For constructive interference, the thickness \(t\) must satisfy wavelengths that reinforce one another. It stands in contrast with the destructive interference condition, focusing on where waves align perfectly in phase. For this particular exercise, we find other visible wavelengths that meet this formula, providing the film's colorful appearance.

Wavelength refers to the distance between two consecutive peaks (or troughs) of a wave. In the context of this exercise, we work with the visible spectrum range from 380 nm to 750 nm.
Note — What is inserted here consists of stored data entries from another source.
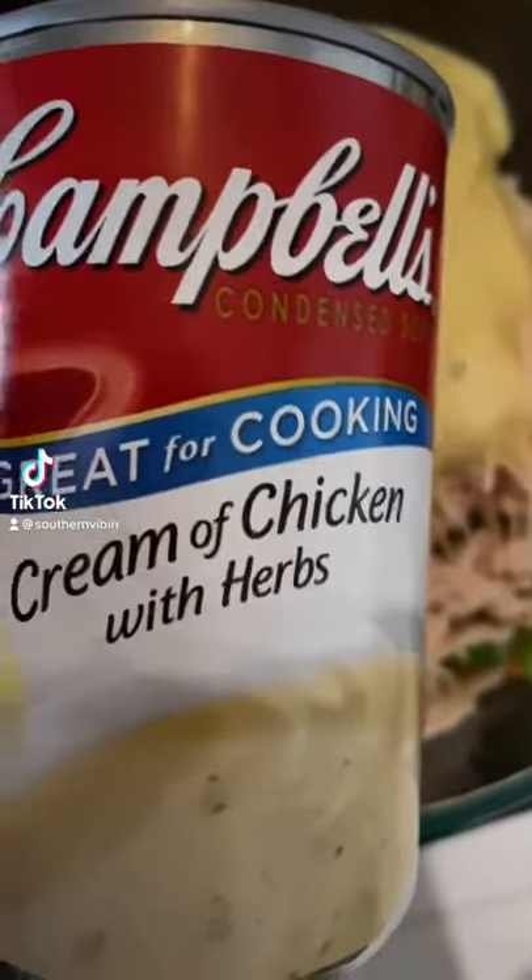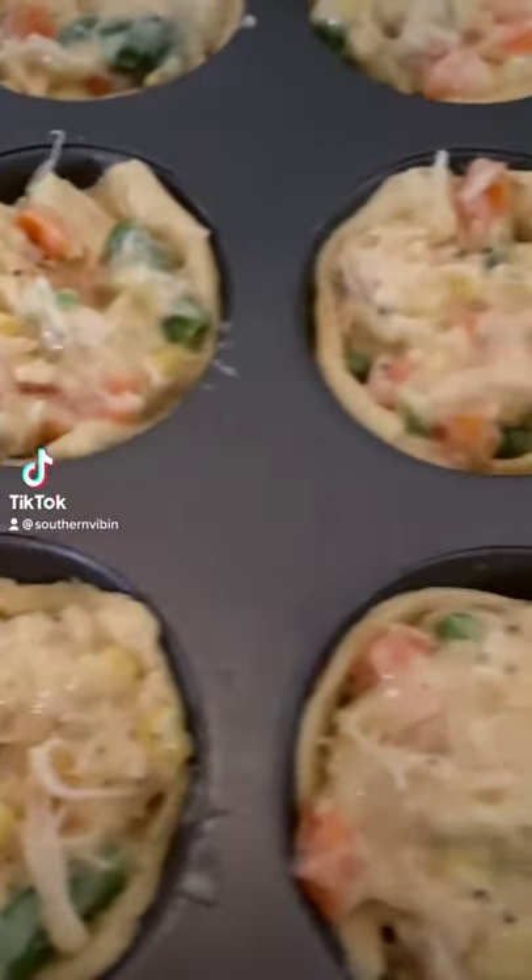In a bowl, add a cup of shredded chicken, then top it off with a condensed can of cream of chicken and herbs. Go right on top with a tablespoon and pack them on in just like this.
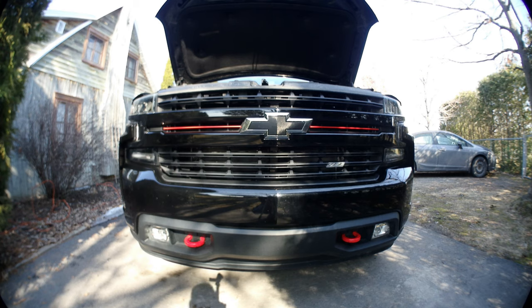I'll put the link to these turn signal LED lights for GM and Chevy. If you like what you saw, give it a thumbs up. Maybe you can leave a comment, share this with your friends, and don't forget to subscribe. Thanks for watching.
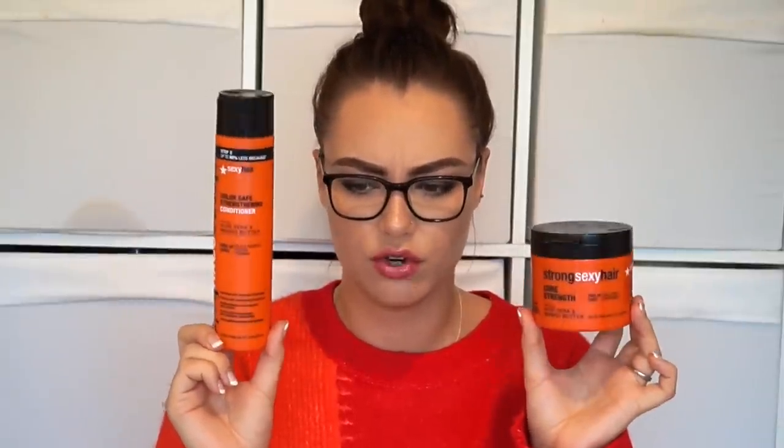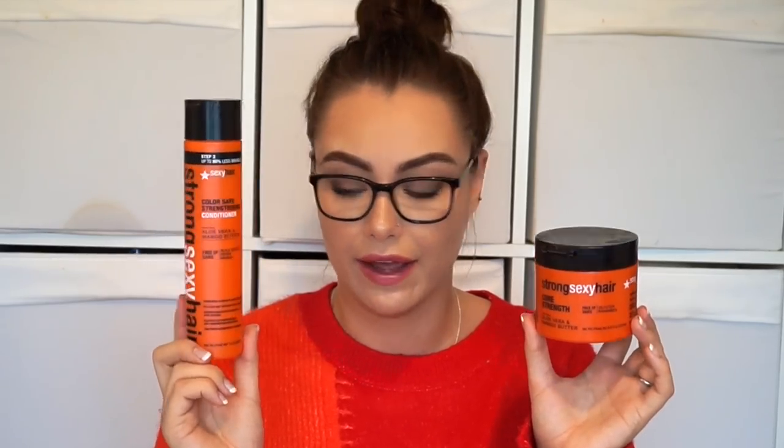They also do a leave-in conditioner which is amazing if you have really tangly hair. Even though I got them for free I would repurchase these again.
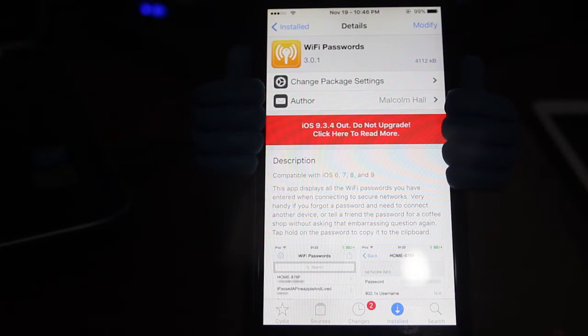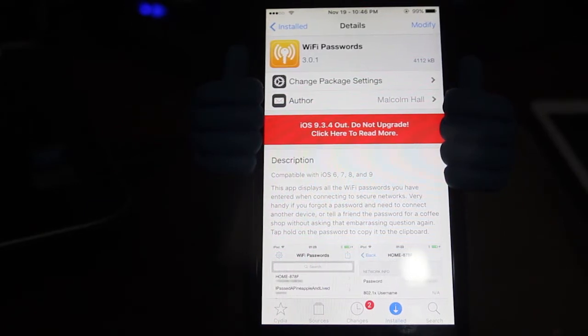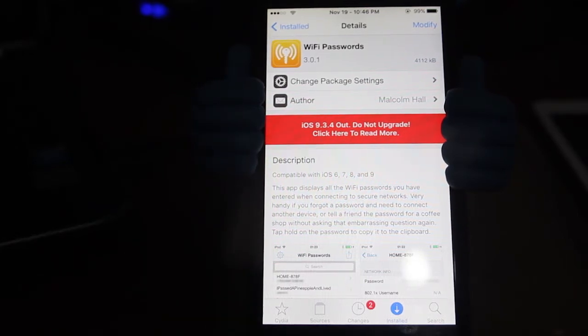So for example, if you are giving your phone to someone that doesn't want you to show his password or your password, you just give him your iPhone and he will just put the code and connect to Wi-Fi.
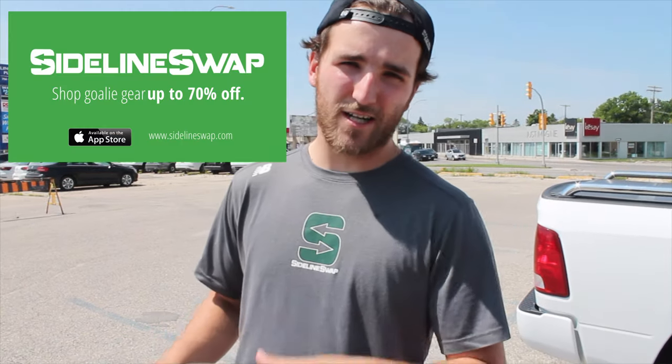Go to SidelineSwap.com. Like these knee pads, SidelineSwap has protection — buyer protection and seller protection. You won't get scammed. Anytime you buy something, you're backed by the SidelineSwap buyer protection program. If you buy something and it shows up not exactly as described, you get your money back, no questions asked. The swap takes care of people. Go to SidelineSwap.com and I'll see you sometime soon.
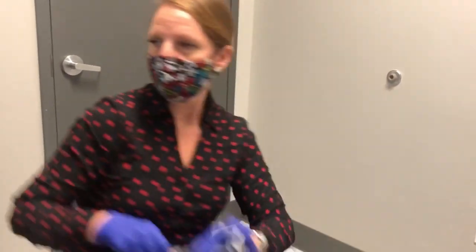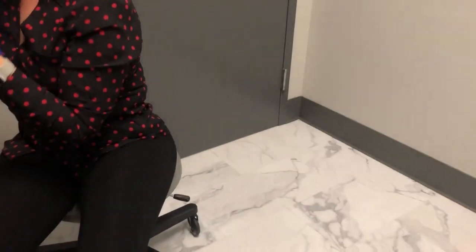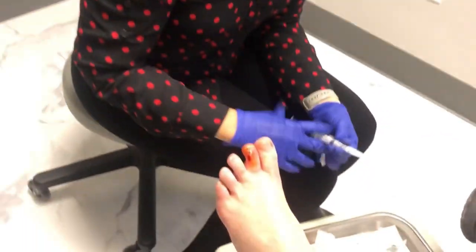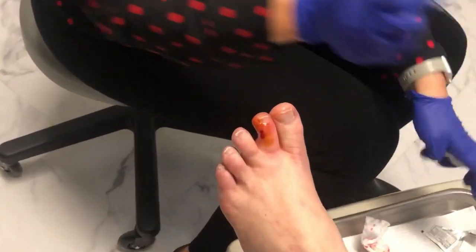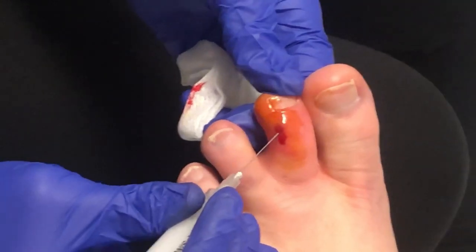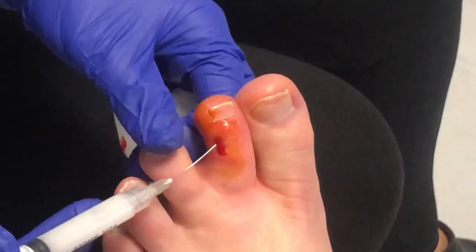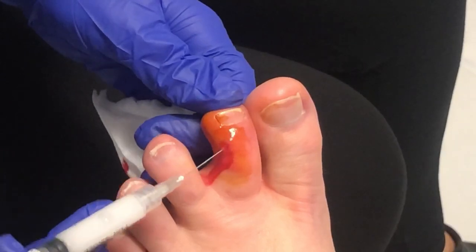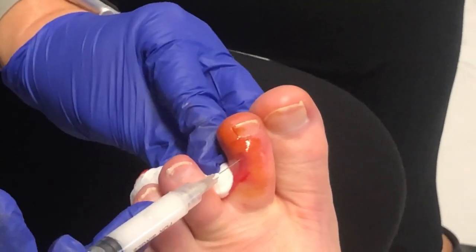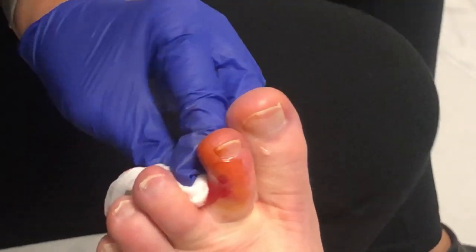Are you allergic to any steroid medicines? No? Perfect. It's already numb so I won't even have to spray any cold spray. We'll just put a little bit in there right through that hole and into that joint. It should feel significantly better in a day or so. There we go — it doesn't take a lot.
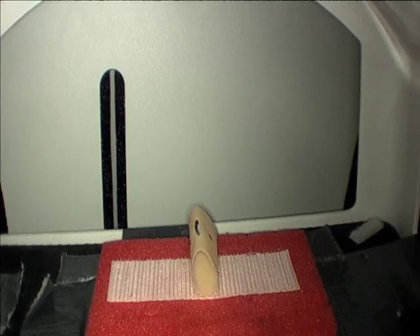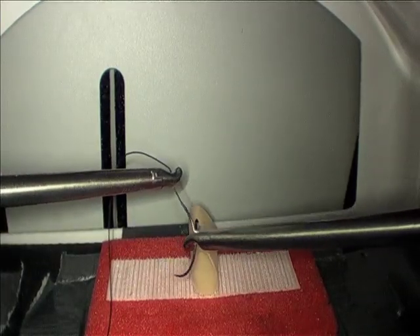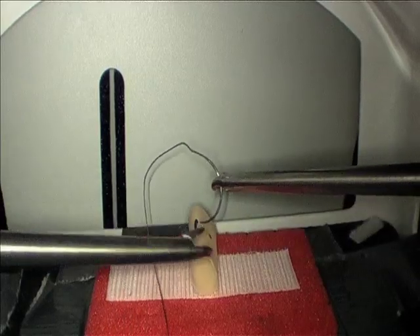Instead, just bring in the suture in your left hand, grab the needle in your right hand, and you're ready to go.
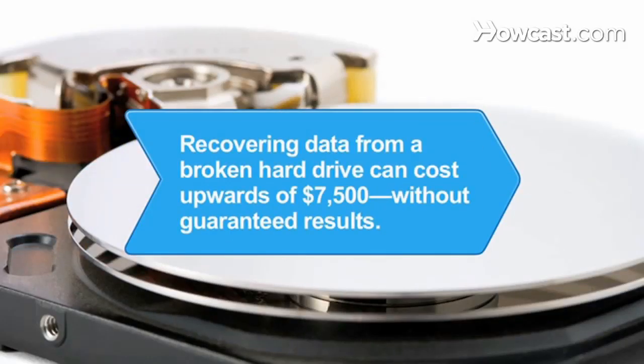Did you know trying to recover data from a broken hard drive can cost upwards of $7,500 and doesn't guarantee results?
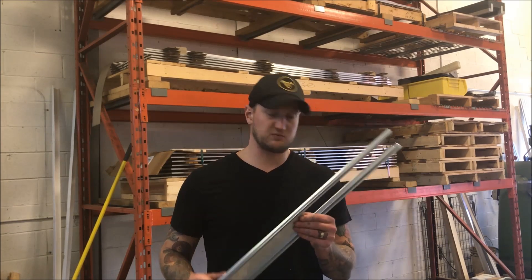So there you have it guys. I hope this has been helpful. As I always say, this is just one way to do things. There are a million ways to do everything in machining.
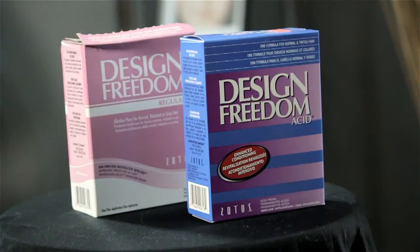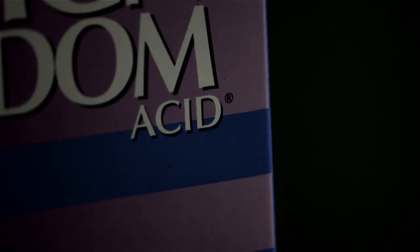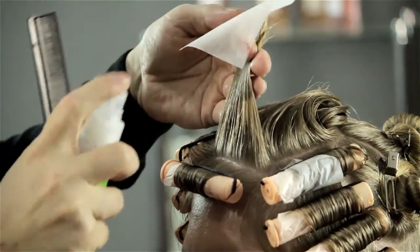If you have fine thin hair, what you really want to use is an acid perm. An alkaline perm will be too strong for fine thin hair.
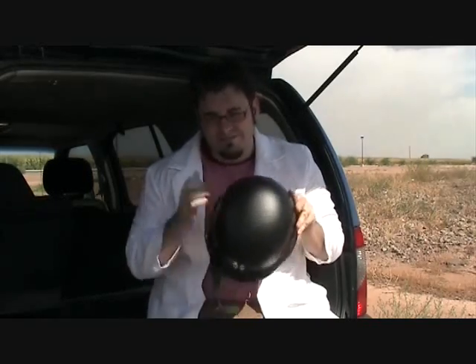This is probably the time in the video where I should say something like, don't try this at home, kids. But I really can't talk since that's essentially what we're doing right now. So I guess I'll just say, when you're doing science, this is awesome. Remember safety first, especially when you're doing science in the middle of an abandoned road in the middle of the desert.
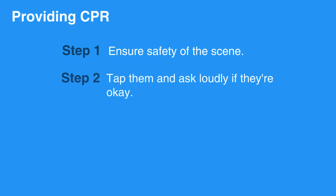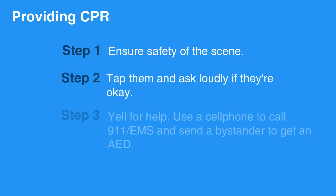To provide CPR to any adult, the first thing to do is to make sure the scene and area around the individual is safe. Then tap them and talk loudly: are you okay? Yell for help. Use a cell phone to call 911 or EMS and send a bystander to get an AED.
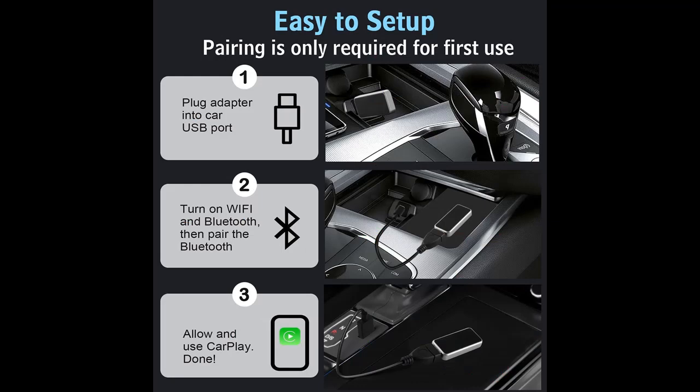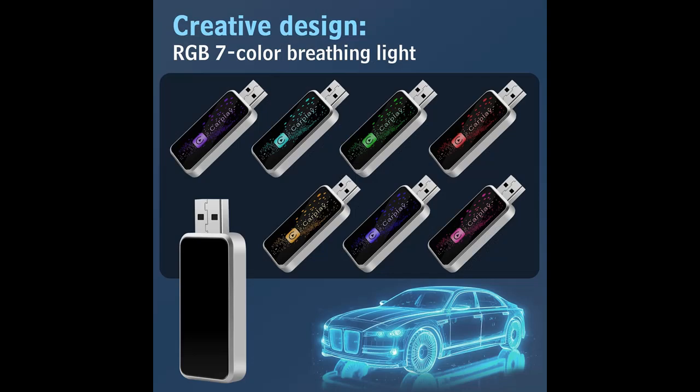Sleek design. The unit is very small and can easily be hidden or mounted out of the way. Being able to wirelessly connect to CarPlay makes moving around more efficient without having to connect and disconnect wires. It totally reduces the damage from frequently plugging and unplugging the charging cable into your phone. Moreover, you don't have to worry about accidentally leaving your phone in the car when you finish a drive.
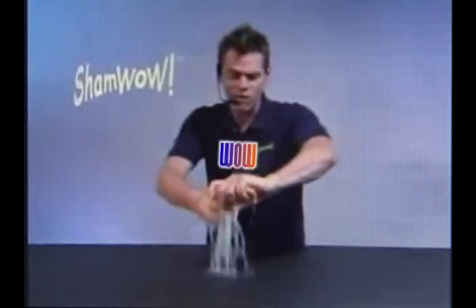We tried Zorbeez but they were a bust, so we thought we'd check out ShamWow. Hi, it's Vince with ShamWow — you'll be saying wow every time you use this towel.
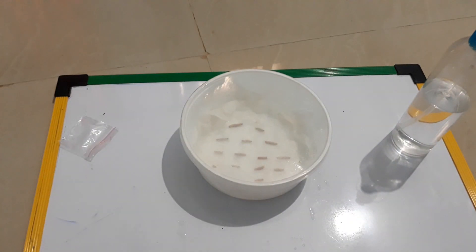It's day one, so I'll leave the seeds for 24 hours and we'll get back tomorrow and follow the next steps.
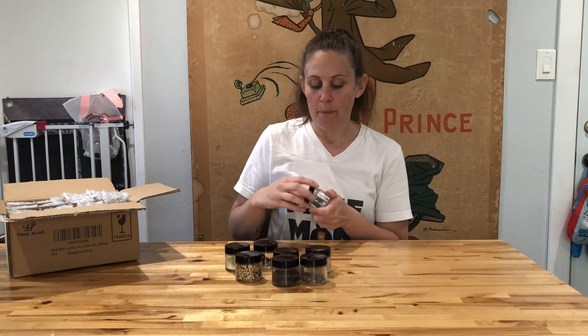These are two ounce jars. They are glass with a plastic lid — the plastic lid has a white interior with a black plastic exterior. Super simple jars.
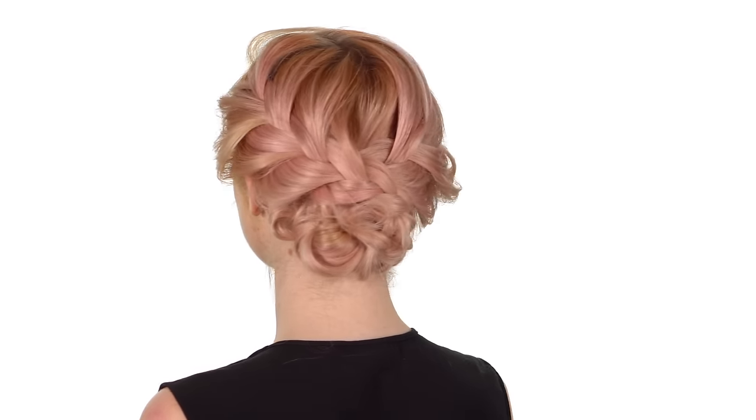Hi everyone! This is Jenny Strebe with Confessions of a Hair Says, and I couldn't be more thrilled to partner up with Vanity Planet to showcase their new ceramic straightening brush. This thing is amazing. It's gonna really help me smooth Mia's hair out prior to creating the beautiful upstyle we're gonna create today. So let's go ahead and get started.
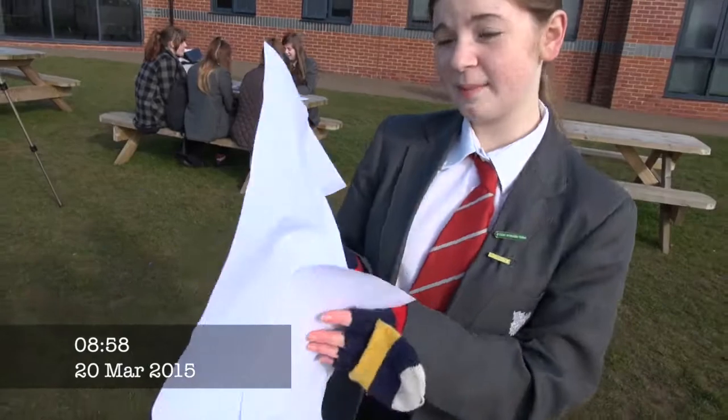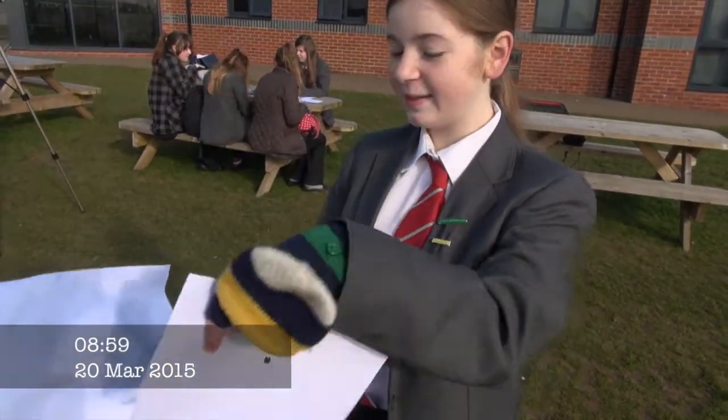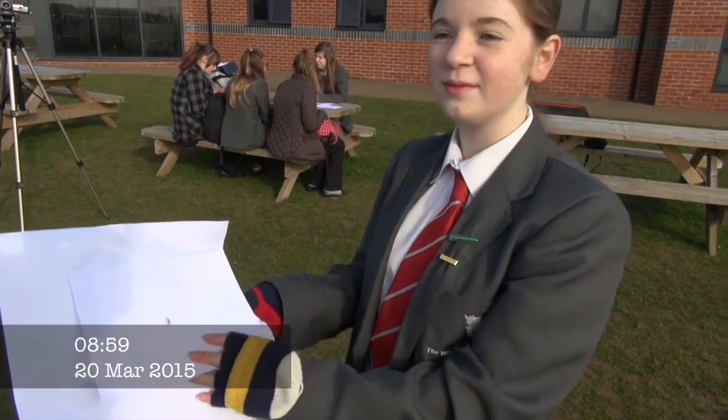So we made this really basic pinhole camera by looking at the BBC website and they told us how to do it. And basically it projects what we see through this hole so it doesn't hurt our eyes.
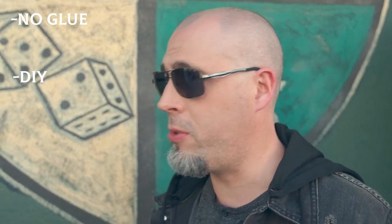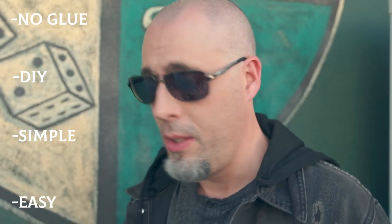Some of the best points about Chasm: no glue needed whatsoever, the do-it-yourself is simple and easy. You'll be performing it the same day that you purchase it. I promise you, you're going to love Chasm so much, you're going to put it into your repertoire today.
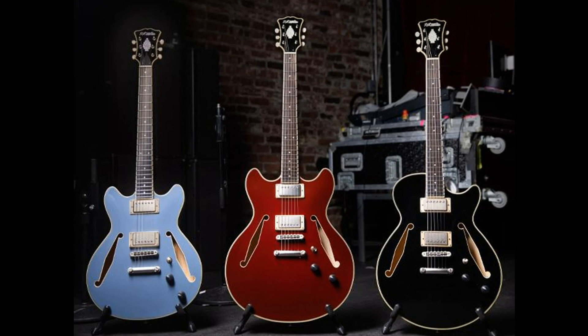D'Angelico Guitars announces the Accel Tour Collection. Welcome to Music Gears, where we bring you the latest info on new music instruments, software, and other gear from around the world.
When light waves reflect off surfaces with varying thickness like a thin film, different wavelengths will experience different degrees of interference. Since each wavelength corresponds to a color, this interference creates a spectrum of colors seen—like an oil slick on pavement.
For the given problem, the 640 nm wavelength correlates with red light, which appears dark due to destructive interference. The challenge lies in pinpointing other wavelengths within the 380 nm to 750 nm range that meet the conditions for constructive interference, resulting in a bright appearance.

The refractive index, denoted as \(n\), is a measure of how much a medium slows down light compared to a vacuum. It tells us how light bends as it passes through different materials.
In this exercise, we use the refractive index to calculate how light waves interact with the oil film. This interaction alters wavelengths for constructive or destructive interference. Specifically, the refractive index let us calculate the correct film thickness to achieve different interference patterns.
The refractive index impacts the path difference as light reflects off surfaces, affecting how the light waves add or cancel each other. The refractive index is crucial in determining the oils' optical behavior on wet pavement, contributing to the color patterns observed in this exercise.